Bank of Japan board member Makoto Sakurai said the central bank will continue to buy massive amounts of government bonds even under a new policy framework targeting interest rates, shrugging off the view that its bond-buying programme was nearing a limit.
But the former academic urged the government and companies to do more to help the BOJ beat subdued inflation and growth in Japan by raising wages and promoting innovation.
“There is no magic wand” to pull Japan’s economy out of the doldrums, Sakurai said in a speech on Thursday to business leaders in the city of Otsu, western Japan, signaling that monetary easing alone can’t cure the country’s economic woes.
The remarks by Sakurai, regarded as among the most vocal advocates of aggressive easing in the nine-member board, underscored a dominant market view the central bank is done expanding stimulus for the time being.

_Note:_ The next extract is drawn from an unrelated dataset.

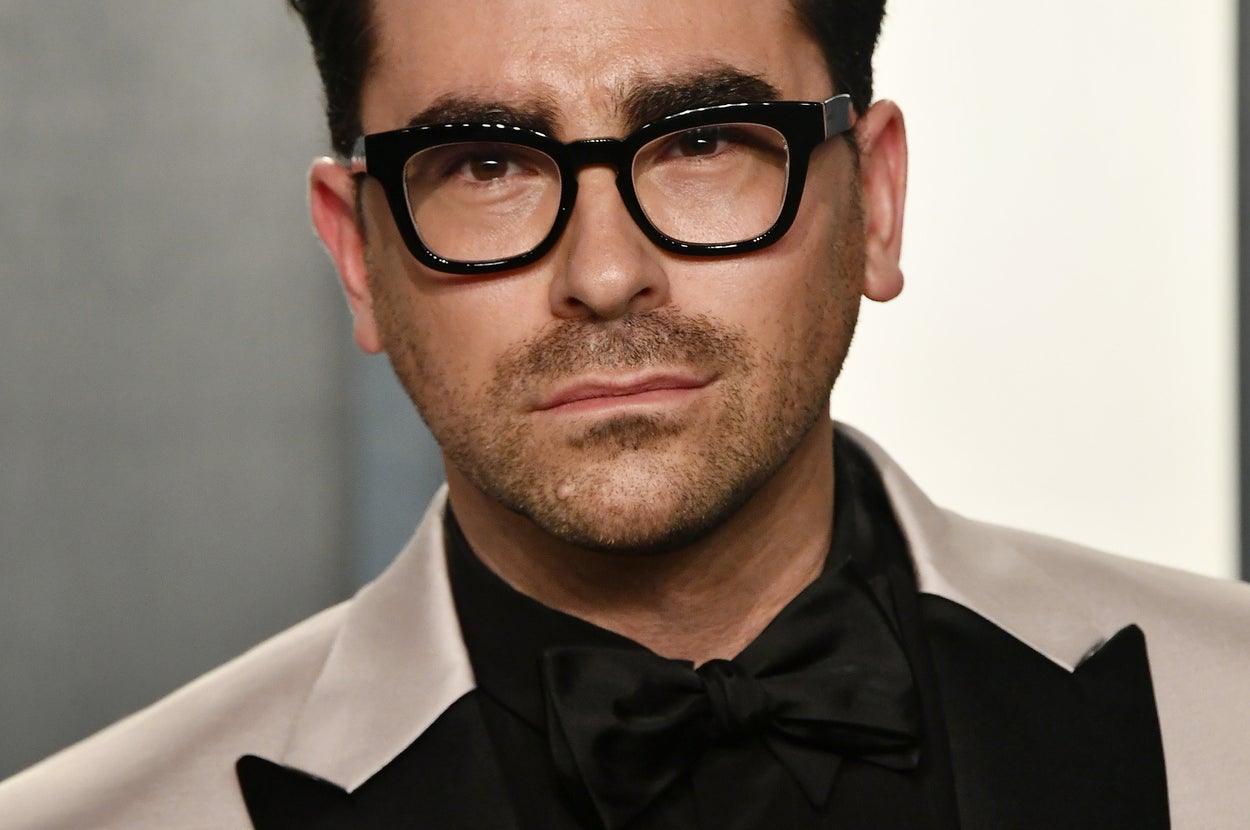 Dan Levy at the 2020 Vanity Fair Oscar Party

The BOJ switched its policy target to interest rates from the pace of money printing in September, after years of massive asset purchases failed to jolt the economy out of stagnation and accelerate inflation to its 2 percent target.
Some analysts interpreted the move as a sign that the BOJ would attempt to taper its huge asset purchases in the long run, amid a growing market view the central bank will run out of bonds to buy in coming years after having already gobbled up a third of the entire market.
Sakurai dismissed such views, saying that the new framework was intended to make the BOJ’s ultra-loose monetary policy sustainable.
“We will continue to buy huge amounts of government bonds to control interest rates,” he said.
“Our yield curve control is operating smoothly,” he told reporters later in the day, adding that bond yields were moving roughly in line with the central bank’s intentions.
Sakurai also shrugged off concerns voiced by some investors that the central bank’s huge purchases were distorting Japan’s real-estate investment trust (REIT) market.
“I don’t see any big distortion to the market,” he said.
Sakurai has voted with the majority of the board since joining the BOJ in April, including its decision to change its policy target to interest rates.
On the yen’s recent declines, Sakurai said a weak yen would help accelerate inflation in Japan but stressed that it was desirable for currency rates to move in a stable manner.
The dollar hit a 9-1/2-month high against the yen on Thursday as oil prices surged after OPEC agreed to output cuts, lifting inflation expectations and U.S. bond yields.